→ **Data**
>>>>

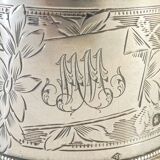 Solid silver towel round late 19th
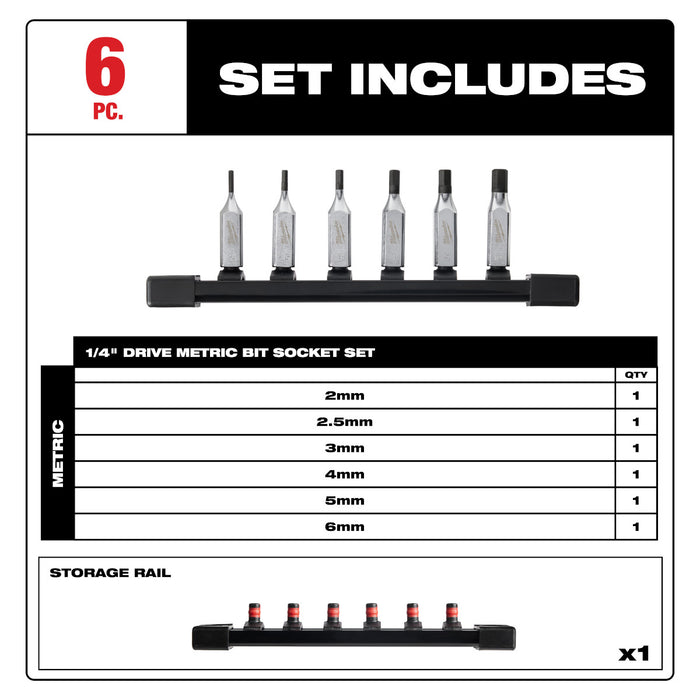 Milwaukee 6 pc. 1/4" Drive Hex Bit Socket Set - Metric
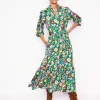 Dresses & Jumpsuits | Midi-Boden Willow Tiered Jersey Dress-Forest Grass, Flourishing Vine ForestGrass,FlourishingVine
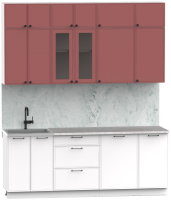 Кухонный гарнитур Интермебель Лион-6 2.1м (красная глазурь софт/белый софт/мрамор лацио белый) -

<<<<

The material is to be reproduced verbatim, and no picture may appear in the copy.

 Solid silver towel round late 19th
 Milwaukee 6 pc. 1/4" Drive Hex Bit Socket Set - Metric
 Dresses & Jumpsuits | Midi-Boden Willow Tiered Jersey Dress-Forest Grass, Flourishing Vine ForestGrass,FlourishingVine
 Кухонный гарнитур Интермебель Лион-6 2.1м (красная глазурь софт/белый софт/мрамор лацио белый) -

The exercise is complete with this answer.